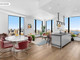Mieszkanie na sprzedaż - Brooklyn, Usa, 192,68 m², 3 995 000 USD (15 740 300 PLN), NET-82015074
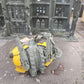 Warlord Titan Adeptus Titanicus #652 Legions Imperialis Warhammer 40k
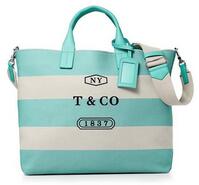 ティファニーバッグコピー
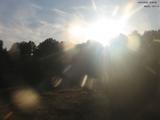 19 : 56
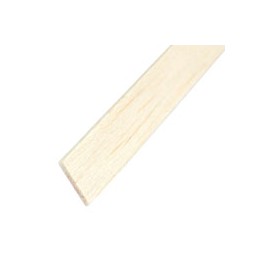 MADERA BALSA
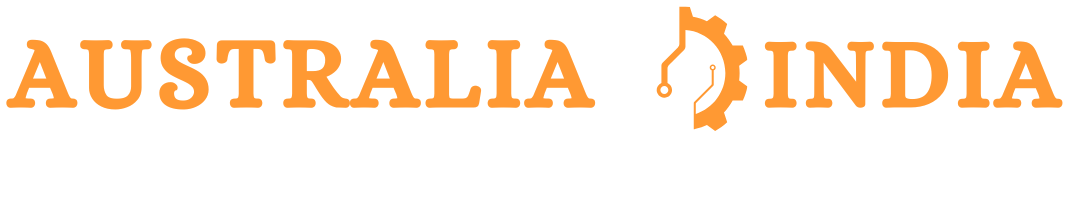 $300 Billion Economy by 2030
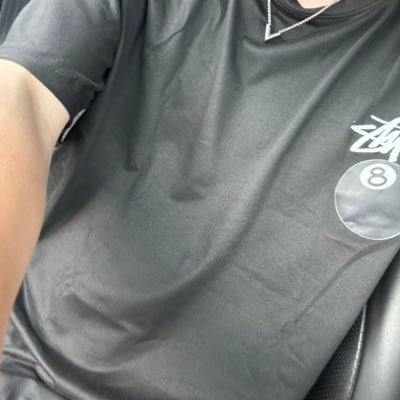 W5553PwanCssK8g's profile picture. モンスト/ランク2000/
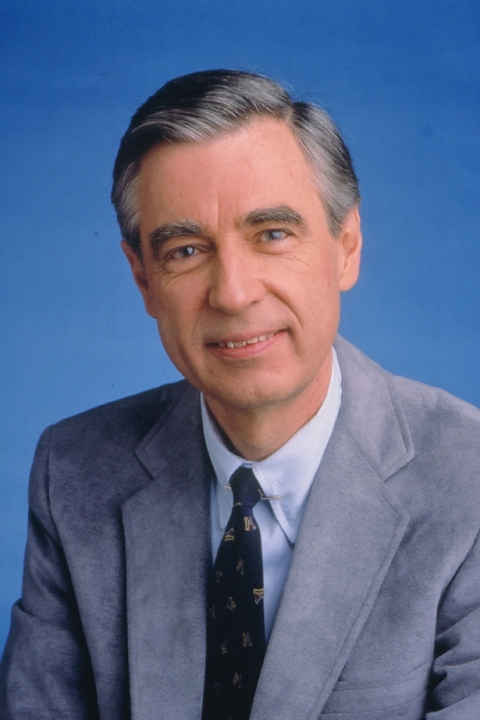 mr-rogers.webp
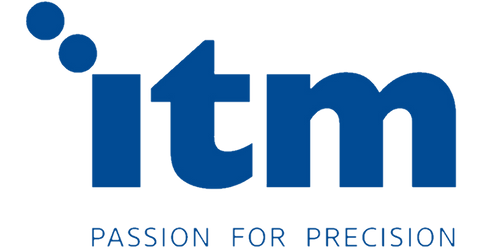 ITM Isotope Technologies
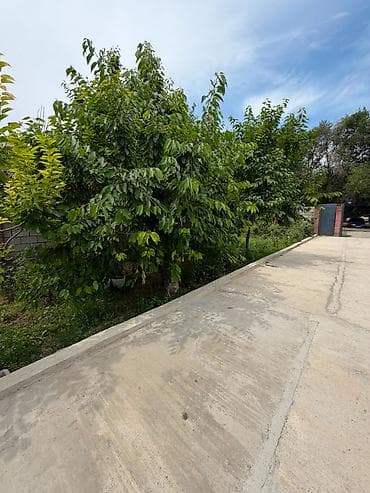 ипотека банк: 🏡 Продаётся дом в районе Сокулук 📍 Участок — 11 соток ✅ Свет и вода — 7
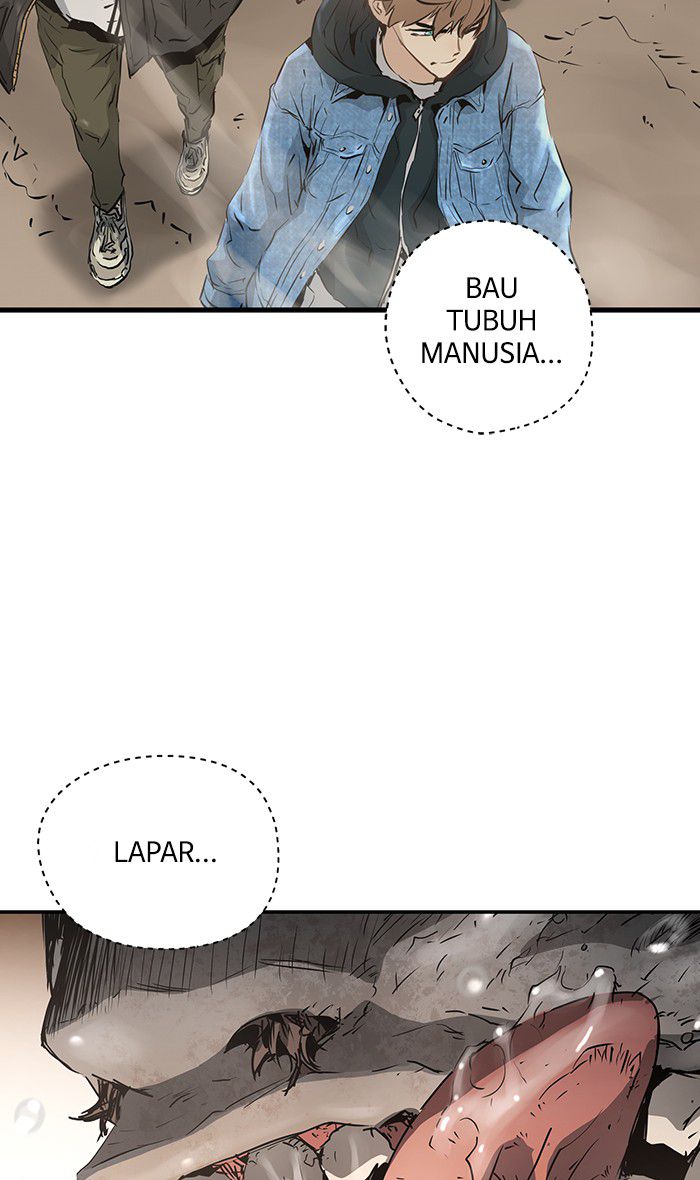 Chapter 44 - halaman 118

◇ ◇ ◇ ◇ ◇

### HOW TO COMPLETE THIS TASK
Print the records again exactly. Skip every picture.

### TASK RESPONSE
Mieszkanie na sprzedaż - Brooklyn, Usa, 192,68 m², 3 995 000 USD (15 740 300 PLN), NET-82015074
 Warlord Titan Adeptus Titanicus #652 Legions Imperialis Warhammer 40k
 ティファニーバッグコピー
 19 : 56
 MADERA BALSA
 $300 Billion Economy by 2030
 W5553PwanCssK8g's profile picture. モンスト/ランク2000/
 mr-rogers.webp
 ITM Isotope Technologies
 ипотека банк: 🏡 Продаётся дом в районе Сокулук 📍 Участок — 11 соток ✅ Свет и вода — 7
 Chapter 44 - halaman 118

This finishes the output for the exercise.